When done properly and not gilded with political venom, news can actually be informative. The New York Times had the proper stories in the proper order Wednesday night on its home page.
You had to scroll down a bit to see it, but the breaking Smollett story appears first, above a story on the collapse of civilization in Venezuela, which is above the nut job domestic terrorist Coast Guard story.
This is the proper order of the stories. Honestly, I wouldn’t blame liberal media outlets for going with the Coast Guard story first, since many of them were (literally) singled out on a death list. But news should properly be reported to get at truth, not for personal vendetta or out of retribution.
The Times story on Smollett even quoted National Review’s Ramesh Ponnuru, straight up, without mockery or derision.

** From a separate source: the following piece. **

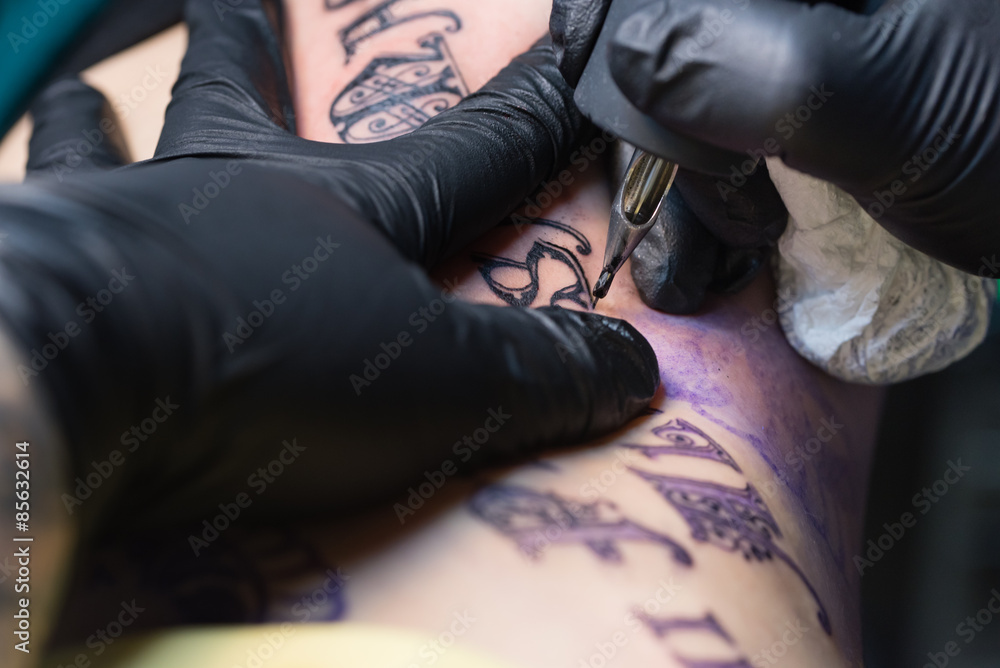 Fototapeta premium Girl Getting Tattoo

Ramesh Ponnuru, a senior editor at National Review, said on Wednesday: “I think that the initial reaction suggested that there is a lot of credulity, especially among liberals who were looking at a story that seemed to confirm their impressions about Trump supporters.”
Conservatives can be just as guilty as liberals in the media of forcing our agenda into the news. In many cases, I say “who can blame us?” since we’re regularly assaulted by openly hostile reporters and media who carry railcars of baggage and bias into every story. But there’s a warning here: We need to be just as careful to avoid echo chambers and halls of mirrors.

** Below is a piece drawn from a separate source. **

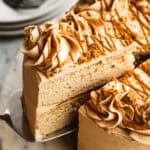 A slice of Cookie Butter Cake being removed to show the moist cake inside.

The Smollett story smelled of hoax from the moment I first saw it. I even expected the left to ride it like a bronco, and they did. But now that the “story” has played out, kudos to the NYT for at least acknowledging confirmation bias. (No such luck with the Washington Post version.)
The Coast Guard terrorist story deserves its place. There are some dangerous and well-armed nut jobs in America. We need not run interference or minimize the awfulness of this crime. And yes, plotting the deaths of “leftists in general,” maintaining kill lists (including “Sen blumen jew” for Senator Richard Blumenthal), and amassing an arsenal for the purpose of carrying out those plans is an awful crime. It doesn’t matter who is on the list. If your outrage is tempered by the names of the targets, the problem is you.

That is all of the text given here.